■ **Data provided**:
++++++++

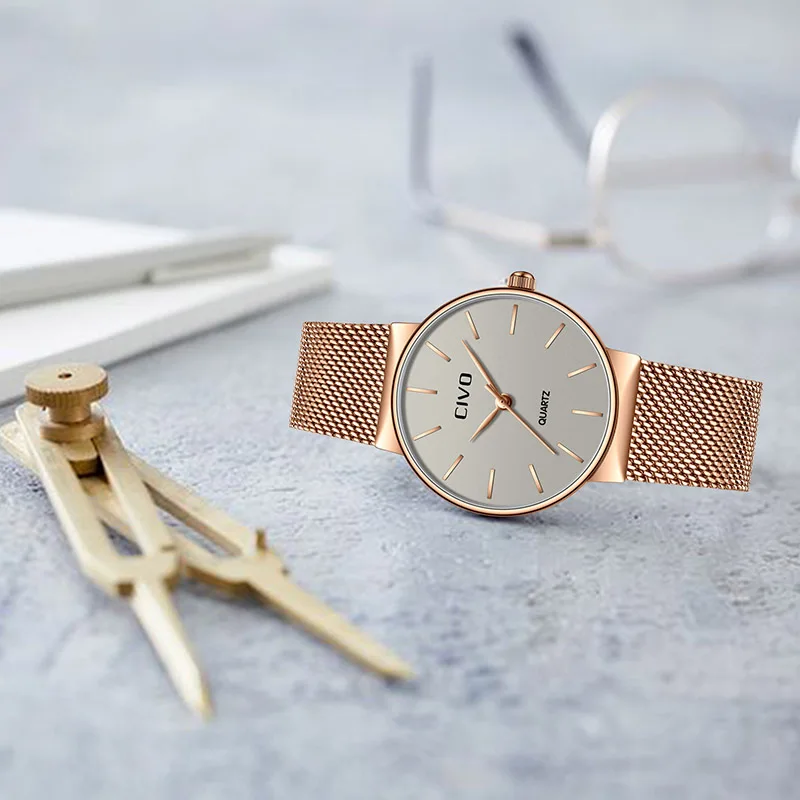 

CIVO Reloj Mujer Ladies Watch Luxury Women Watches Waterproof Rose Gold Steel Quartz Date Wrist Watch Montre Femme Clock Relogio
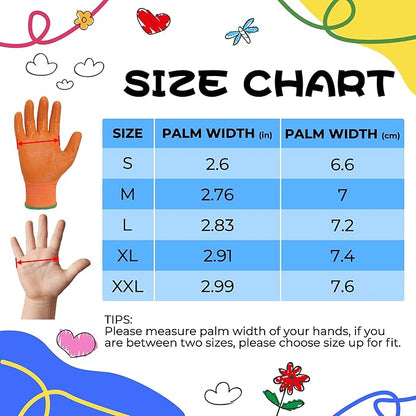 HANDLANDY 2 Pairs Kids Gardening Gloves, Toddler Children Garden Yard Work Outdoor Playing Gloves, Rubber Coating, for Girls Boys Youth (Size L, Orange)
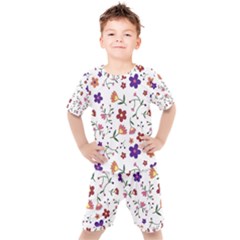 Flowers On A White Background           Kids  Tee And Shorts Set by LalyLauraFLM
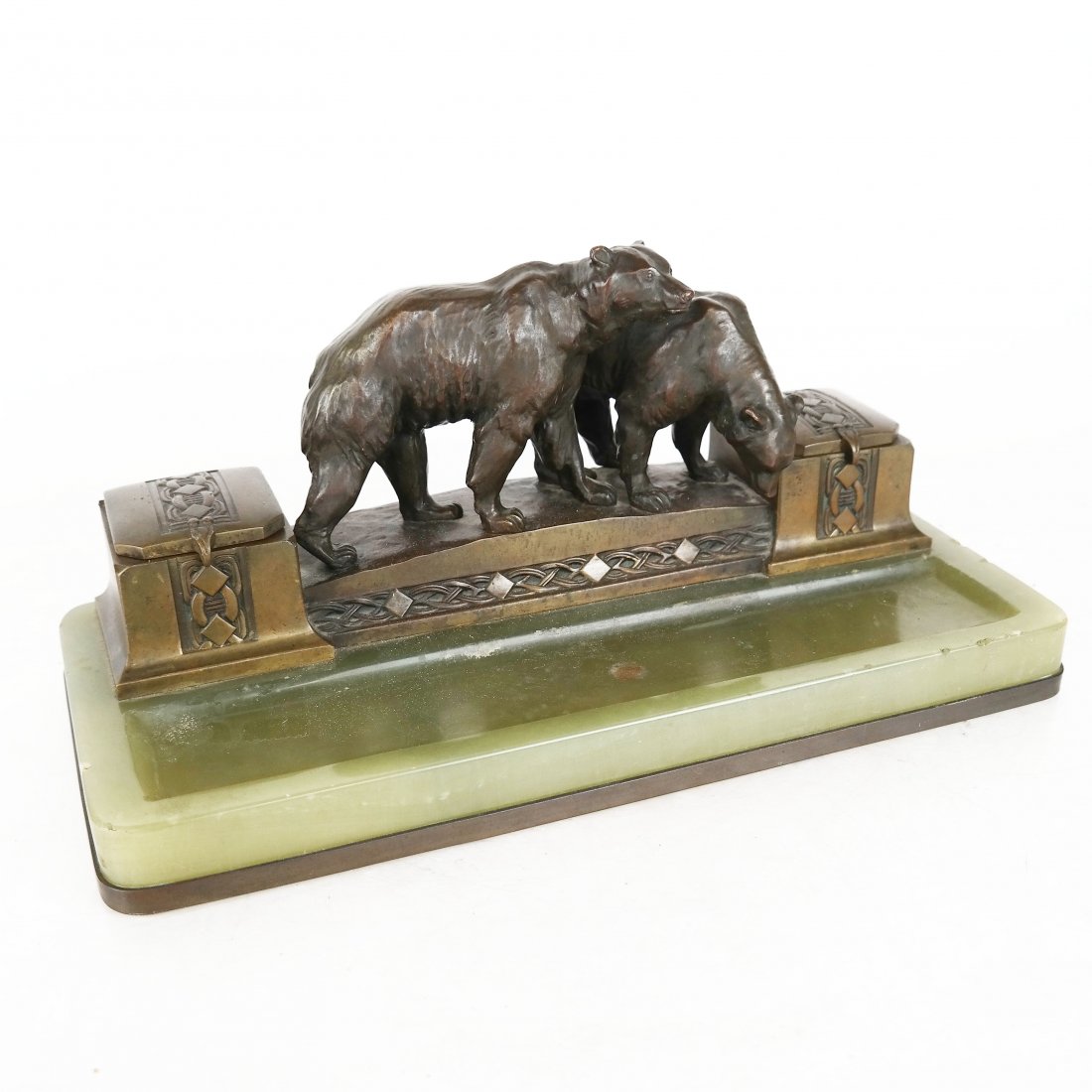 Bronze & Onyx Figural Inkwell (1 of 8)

++++++++

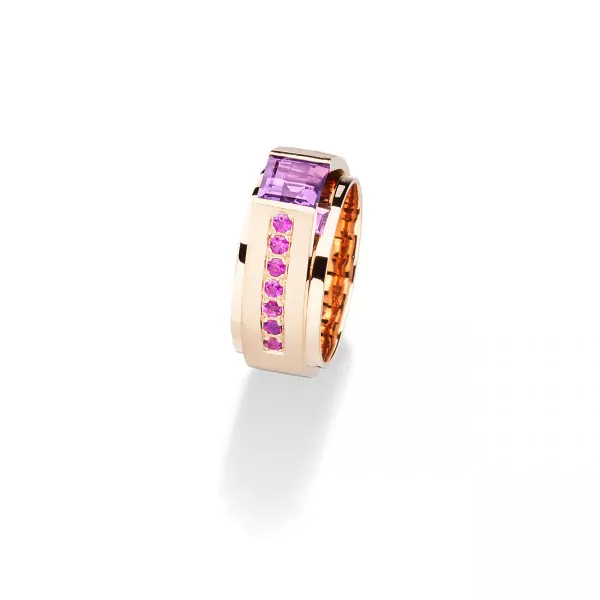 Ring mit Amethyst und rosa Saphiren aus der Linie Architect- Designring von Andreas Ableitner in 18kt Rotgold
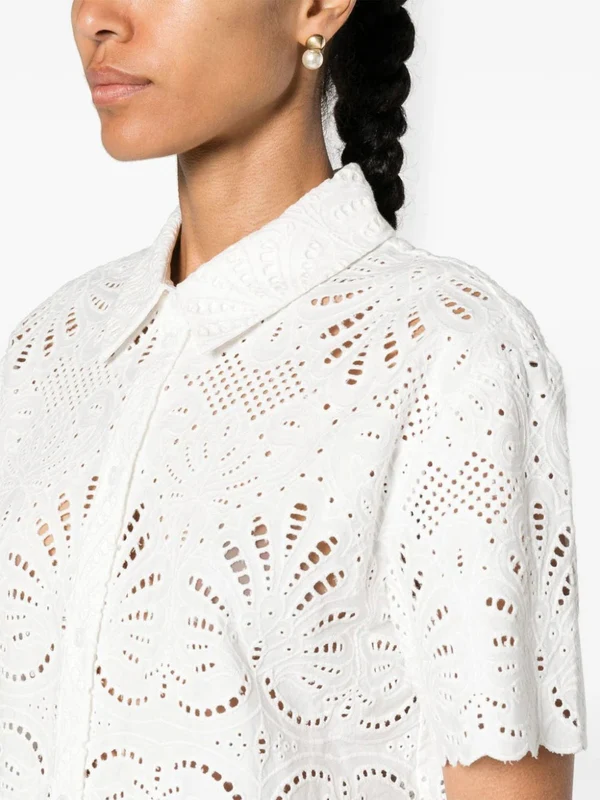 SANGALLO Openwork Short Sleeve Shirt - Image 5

++++++++

■ **Work request**:
All lines above from the one containing "CIVO Reloj Mujer" up to and including the one containing "Bronze & Onyx Figural Inkwell (1 of 8)" are to be set down exactly, and nothing else. Leave images out.

■ **Answer**:
CIVO Reloj Mujer Ladies Watch Luxury Women Watches Waterproof Rose Gold Steel Quartz Date Wrist Watch Montre Femme Clock Relogio
 HANDLANDY 2 Pairs Kids Gardening Gloves, Toddler Children Garden Yard Work Outdoor Playing Gloves, Rubber Coating, for Girls Boys Youth (Size L, Orange)
 Flowers On A White Background           Kids  Tee And Shorts Set by LalyLauraFLM
 Bronze & Onyx Figural Inkwell (1 of 8)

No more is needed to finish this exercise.